Problem description: An exact transcription is needed of the lines below from the one with "Dinos, laten we" through the one with "Brynlee Gorgeous Ruched Slit Satin Dresses", with no other lines and no pictures.

Material provided:
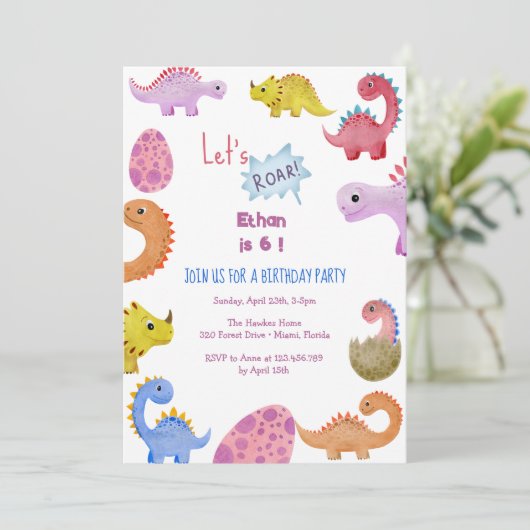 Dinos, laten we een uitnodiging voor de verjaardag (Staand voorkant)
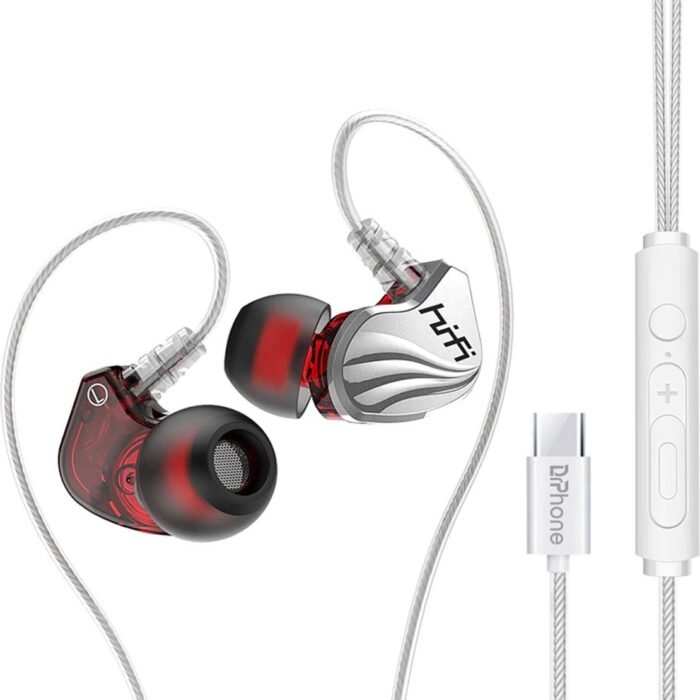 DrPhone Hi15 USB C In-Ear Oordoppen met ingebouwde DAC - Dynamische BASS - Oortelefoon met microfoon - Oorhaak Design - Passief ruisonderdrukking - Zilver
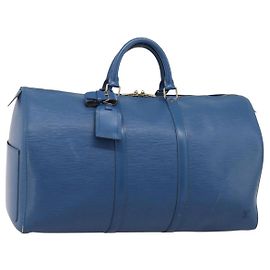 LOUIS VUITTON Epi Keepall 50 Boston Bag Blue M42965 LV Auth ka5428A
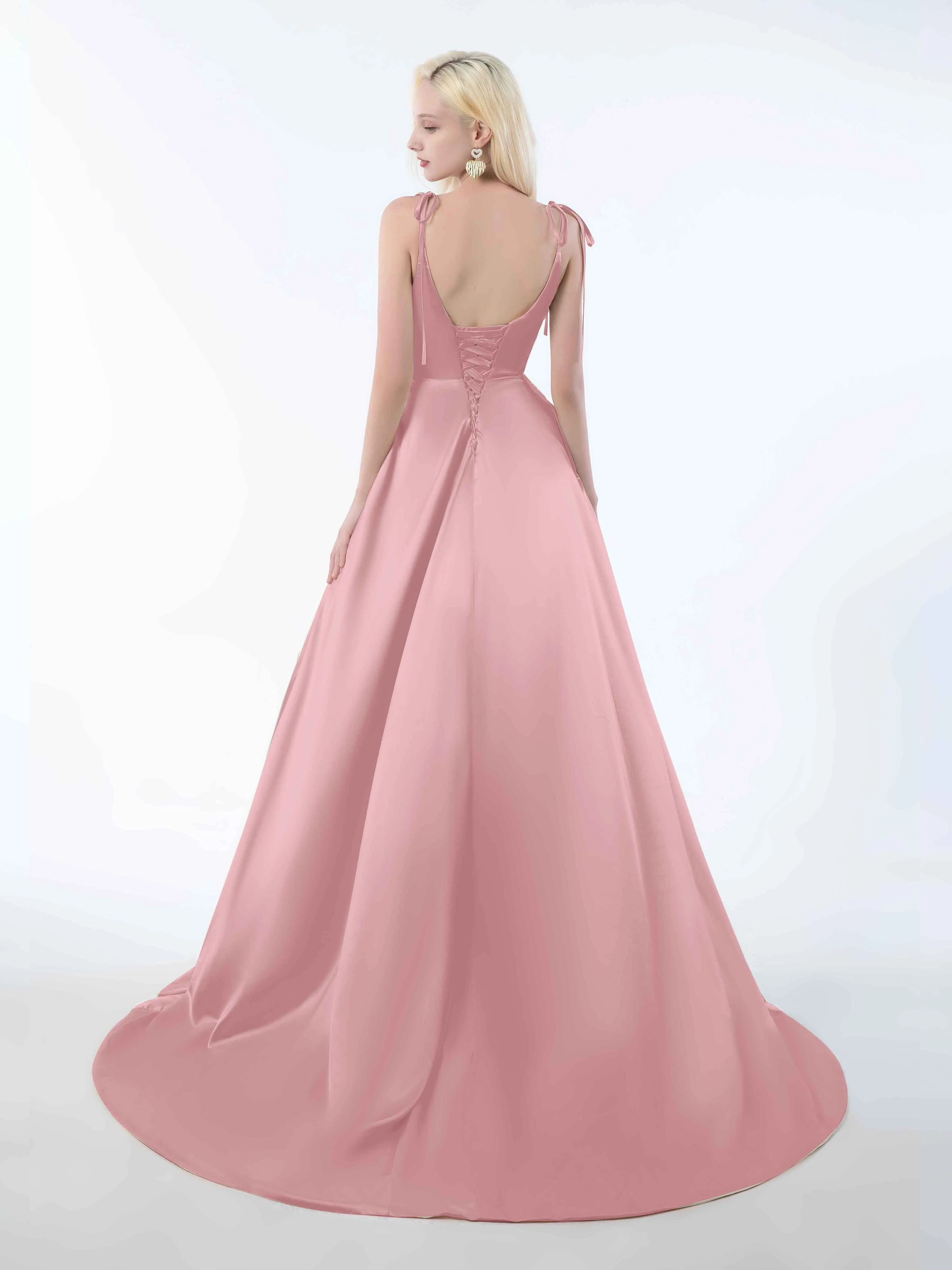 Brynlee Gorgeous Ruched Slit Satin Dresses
==
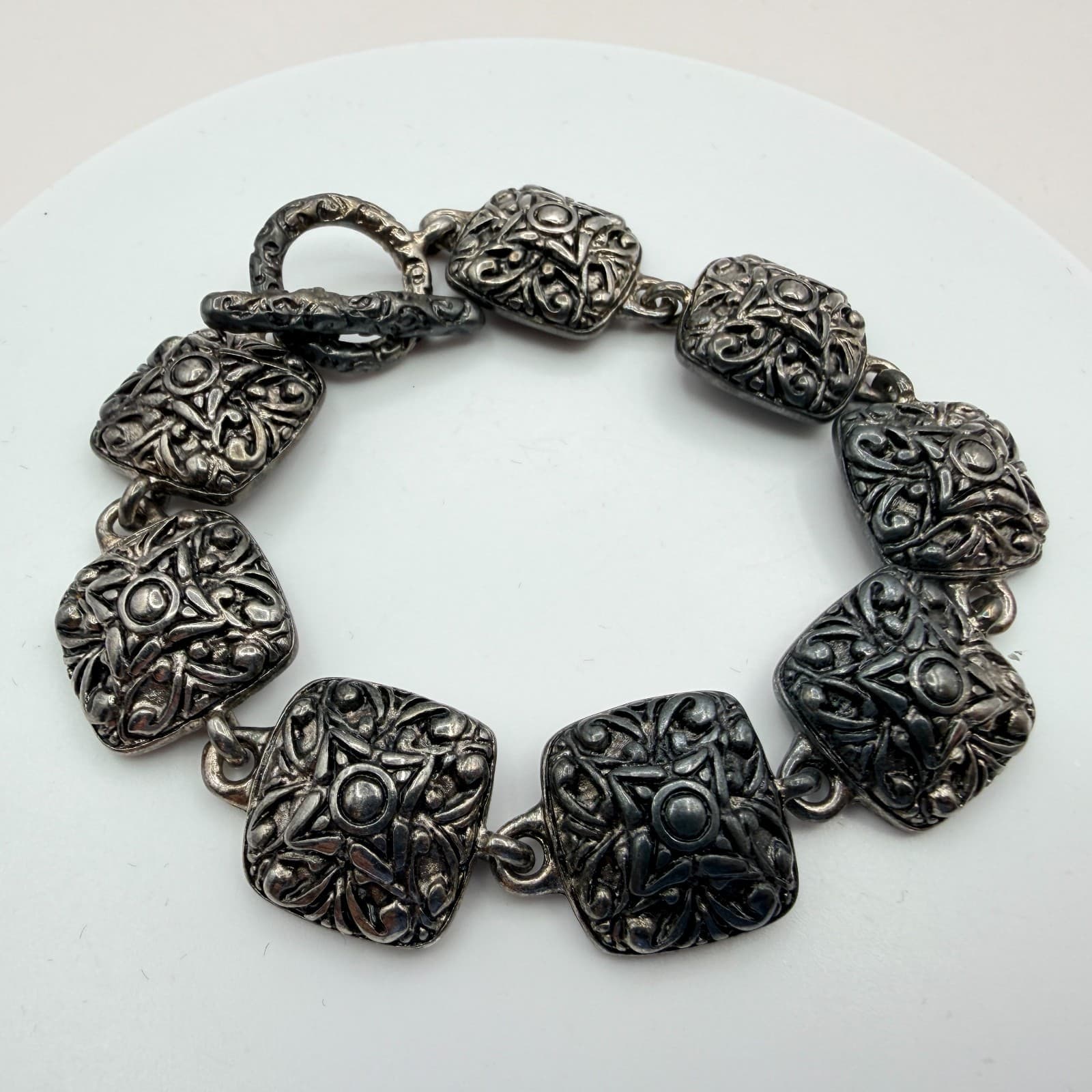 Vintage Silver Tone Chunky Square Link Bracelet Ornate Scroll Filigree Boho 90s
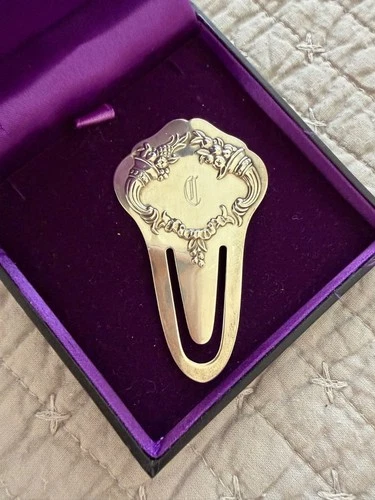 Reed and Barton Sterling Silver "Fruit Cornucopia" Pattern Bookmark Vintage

Answer:
 Dinos, laten we een uitnodiging voor de verjaardag (Staand voorkant)
 DrPhone Hi15 USB C In-Ear Oordoppen met ingebouwde DAC - Dynamische BASS - Oortelefoon met microfoon - Oorhaak Design - Passief ruisonderdrukking - Zilver
 LOUIS VUITTON Epi Keepall 50 Boston Bag Blue M42965 LV Auth ka5428A
 Brynlee Gorgeous Ruched Slit Satin Dresses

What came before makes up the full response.